7.4 Some useful predictors

There are several useful predictors that occur frequently when using regression for time series data.

Trend

It is common for time series data to be trending. A linear trend can be modelled by simply using \(x_{1,t}=t\) as a predictor, \[ y_{t}= \beta_0+\beta_1t+\varepsilon_t, \] where \(t=1,\dots,T\). A trend variable can be specified in the TSLM() function using the trend() special. In Section 7.7 we discuss how we can also model nonlinear trends.

Dummy variables

So far, we have assumed that each predictor takes numerical values. But what about when a predictor is a categorical variable taking only two values (e.g., “yes” and “no”)? Such a variable might arise, for example, when forecasting daily sales and you want to take account of whether the day is a public holiday or not. So the predictor takes value “yes” on a public holiday, and “no” otherwise.

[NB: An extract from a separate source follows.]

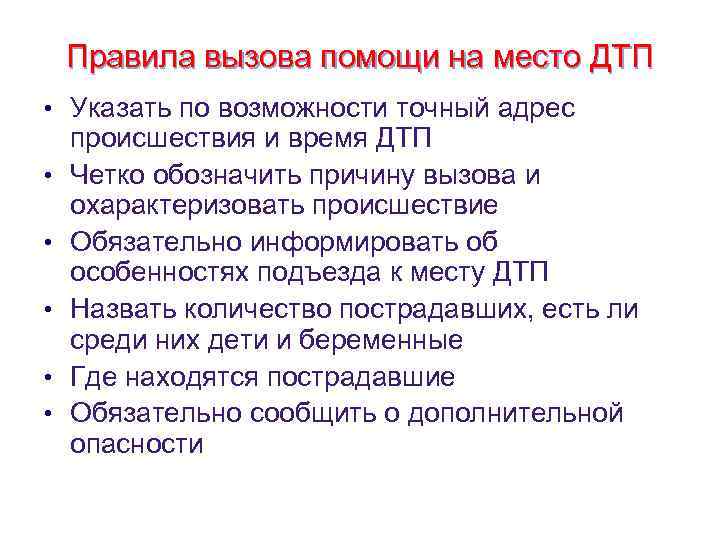 Правила вызова помощи на место ДТП • Указать по возможности точный адрес • •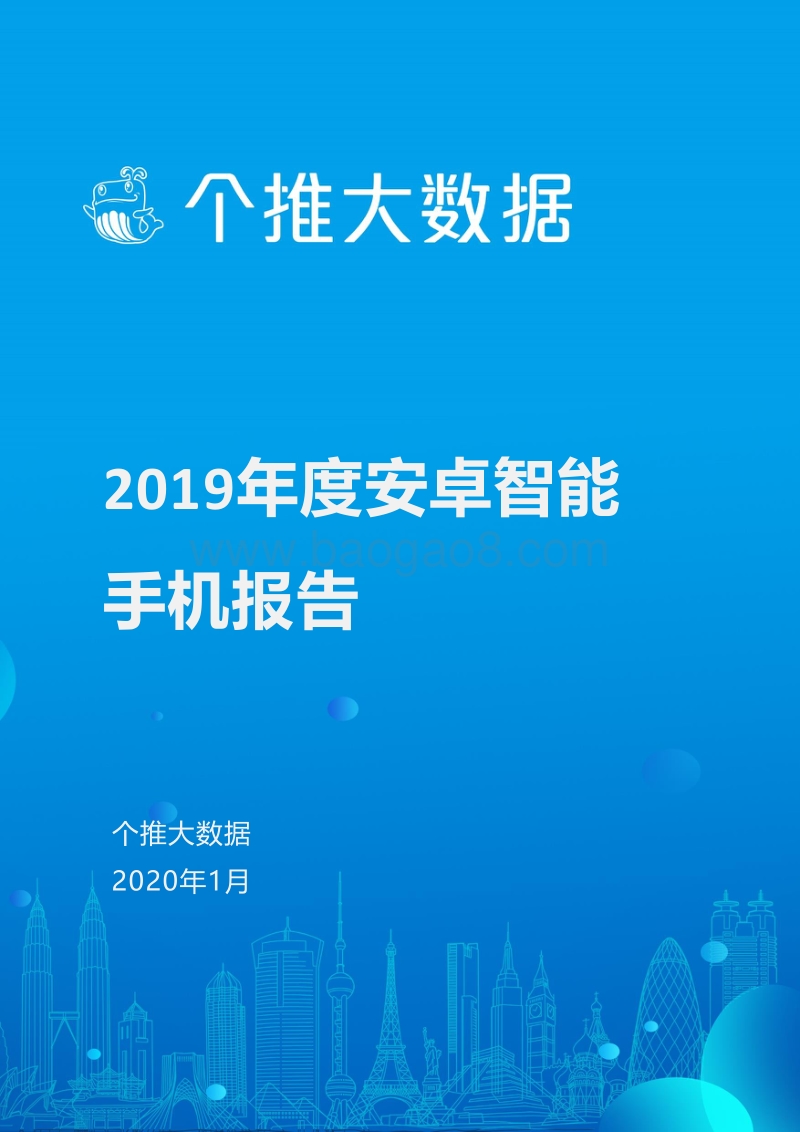 2019年度安卓智能手机报告.pdf_第1页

This situation can still be handled within the framework of multiple regression models by creating a “dummy variable” which takes value 1 corresponding to “yes” and 0 corresponding to “no”. A dummy variable is also known as an “indicator variable”.

A dummy variable can also be used to account for an outlier in the data. Rather than omit the outlier, a dummy variable removes its effect. In this case, the dummy variable takes value 1 for that observation and 0 everywhere else. An example is the case where a special event has occurred. For example when forecasting tourist arrivals to Brazil, we will need to account for the effect of the Rio de Janeiro summer Olympics in 2016.

If there are more than two categories, then the variable can be coded using several dummy variables (one fewer than the total number of categories). TSLM() will automatically handle this case if you specify a factor variable as a predictor. There is usually no need to manually create the corresponding dummy variables.

Seasonal dummy variables

Suppose that we are forecasting daily data and we want to account for the day of the week as a predictor. Then the following dummy variables can be created.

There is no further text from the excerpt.